Mis à jour le 25 févr. 2009
AGENCE FRANCE-PRESSE

Barack Obama «semblait confiant --promettant que le pays se reconstruirait et ressortirait (de la crise) plus fort qu'il ne l'était avant-- sans toutefois minimiser les graves problèmes qui doivent être surmontés avant cela», estimait le New York Times dans son éditorial.

«La crise économique a besoin d'une action immédiate, audacieuse et complète. Et mardi soir, M. Obama a affiché l'ambition et la large vision qui lui ont permis de remporter la Maison Blanche et que la crise réclame», ajoutait le quotidien.

Le président américain «est monté sur la colline du Capitole la nuit dernière et a mis en jeu sa présidence pour sortir le pays de la crise économique», analysait pour sa part le Washington Post.

«Jamais depuis le discours solennel prononcé par Franklin D. Roosevelt huit jours après son investiture, les Américains n'avaient autant eu besoin d'un leader économique. Et jamais depuis Franklin D. Roosevelt il n'y avait eu un programme aussi audacieux et ambitieux ou aussi susceptible de remodeler le capitalisme américain», ajoutait le journal pour qui Barack Obama «ne semble pas capable de prononcer de mauvais discours».

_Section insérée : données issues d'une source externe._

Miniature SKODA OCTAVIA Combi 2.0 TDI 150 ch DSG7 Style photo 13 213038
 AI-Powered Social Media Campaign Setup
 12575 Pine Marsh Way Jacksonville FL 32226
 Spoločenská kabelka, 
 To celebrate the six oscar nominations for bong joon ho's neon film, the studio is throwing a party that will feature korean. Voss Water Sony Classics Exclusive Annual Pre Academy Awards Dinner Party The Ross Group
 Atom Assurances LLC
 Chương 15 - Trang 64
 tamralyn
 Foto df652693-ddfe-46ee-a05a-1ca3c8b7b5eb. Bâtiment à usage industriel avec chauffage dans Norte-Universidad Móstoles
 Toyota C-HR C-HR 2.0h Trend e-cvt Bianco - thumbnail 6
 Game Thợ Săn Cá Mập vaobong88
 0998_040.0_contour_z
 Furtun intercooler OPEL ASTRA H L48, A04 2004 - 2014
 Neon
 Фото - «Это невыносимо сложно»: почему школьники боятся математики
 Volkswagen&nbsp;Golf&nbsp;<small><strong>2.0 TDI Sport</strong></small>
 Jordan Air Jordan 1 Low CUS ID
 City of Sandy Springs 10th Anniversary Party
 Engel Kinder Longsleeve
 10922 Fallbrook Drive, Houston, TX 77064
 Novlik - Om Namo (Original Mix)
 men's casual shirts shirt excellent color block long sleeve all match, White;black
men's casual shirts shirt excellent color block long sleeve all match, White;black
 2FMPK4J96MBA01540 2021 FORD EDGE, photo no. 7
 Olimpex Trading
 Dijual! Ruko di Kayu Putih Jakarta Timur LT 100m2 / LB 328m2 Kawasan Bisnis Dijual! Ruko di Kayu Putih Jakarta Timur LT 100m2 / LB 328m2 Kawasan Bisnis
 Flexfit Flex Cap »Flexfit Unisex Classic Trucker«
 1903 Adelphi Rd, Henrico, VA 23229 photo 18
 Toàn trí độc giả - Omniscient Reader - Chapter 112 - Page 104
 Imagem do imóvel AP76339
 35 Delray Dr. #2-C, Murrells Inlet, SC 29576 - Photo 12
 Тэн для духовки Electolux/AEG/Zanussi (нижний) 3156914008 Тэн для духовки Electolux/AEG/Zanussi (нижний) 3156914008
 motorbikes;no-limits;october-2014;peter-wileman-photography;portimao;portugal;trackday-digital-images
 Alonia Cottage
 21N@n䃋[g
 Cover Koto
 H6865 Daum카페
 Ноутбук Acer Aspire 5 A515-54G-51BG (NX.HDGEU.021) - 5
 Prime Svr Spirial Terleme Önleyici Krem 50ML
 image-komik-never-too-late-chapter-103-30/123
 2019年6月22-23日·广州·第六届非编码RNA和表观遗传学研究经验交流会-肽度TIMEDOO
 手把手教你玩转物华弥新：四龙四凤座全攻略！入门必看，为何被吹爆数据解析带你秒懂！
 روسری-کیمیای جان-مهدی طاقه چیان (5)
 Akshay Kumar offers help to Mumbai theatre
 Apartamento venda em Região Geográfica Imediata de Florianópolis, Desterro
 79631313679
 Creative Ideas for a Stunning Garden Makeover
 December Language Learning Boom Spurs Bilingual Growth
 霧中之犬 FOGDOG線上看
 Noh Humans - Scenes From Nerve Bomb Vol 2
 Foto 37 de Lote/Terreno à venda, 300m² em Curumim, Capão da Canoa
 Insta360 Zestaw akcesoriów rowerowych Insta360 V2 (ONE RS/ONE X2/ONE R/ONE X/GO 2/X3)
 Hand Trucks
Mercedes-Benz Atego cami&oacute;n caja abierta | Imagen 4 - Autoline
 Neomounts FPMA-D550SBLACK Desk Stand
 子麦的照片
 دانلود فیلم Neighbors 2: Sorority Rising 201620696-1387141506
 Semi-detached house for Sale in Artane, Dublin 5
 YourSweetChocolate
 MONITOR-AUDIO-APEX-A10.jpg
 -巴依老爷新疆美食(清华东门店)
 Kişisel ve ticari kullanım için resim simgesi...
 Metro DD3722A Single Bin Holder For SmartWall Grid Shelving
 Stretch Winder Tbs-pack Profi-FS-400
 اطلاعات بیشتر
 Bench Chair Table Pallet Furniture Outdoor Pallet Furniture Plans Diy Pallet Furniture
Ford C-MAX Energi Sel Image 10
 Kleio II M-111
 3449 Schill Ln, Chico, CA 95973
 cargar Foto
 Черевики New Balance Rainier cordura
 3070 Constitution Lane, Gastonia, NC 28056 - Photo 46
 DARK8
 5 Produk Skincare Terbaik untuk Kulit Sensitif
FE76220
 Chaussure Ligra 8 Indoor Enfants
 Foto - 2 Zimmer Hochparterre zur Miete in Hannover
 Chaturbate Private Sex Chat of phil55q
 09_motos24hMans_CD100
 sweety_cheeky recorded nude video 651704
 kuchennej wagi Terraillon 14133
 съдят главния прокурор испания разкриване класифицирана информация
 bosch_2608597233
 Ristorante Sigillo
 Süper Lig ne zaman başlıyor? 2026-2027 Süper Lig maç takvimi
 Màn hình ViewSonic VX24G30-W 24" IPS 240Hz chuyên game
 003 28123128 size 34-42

«Ce n'était pas tellement un grand discours en fait, mais plutôt deux douzaines de petits discours, rattachés ensemble, chacun construit pour atteindre son point culminant, en général une promesse vers de jours meilleurs», jugeait le quotidien.

«Le président Obama a cherché à devenir "le rassembleur en chef" mardi soir, promettant des jours meilleurs, tout en étant honnête par rapport aux difficultés auxquelles est confronté le pays», estimait pour sa part le quotidien conservateur Washington Times.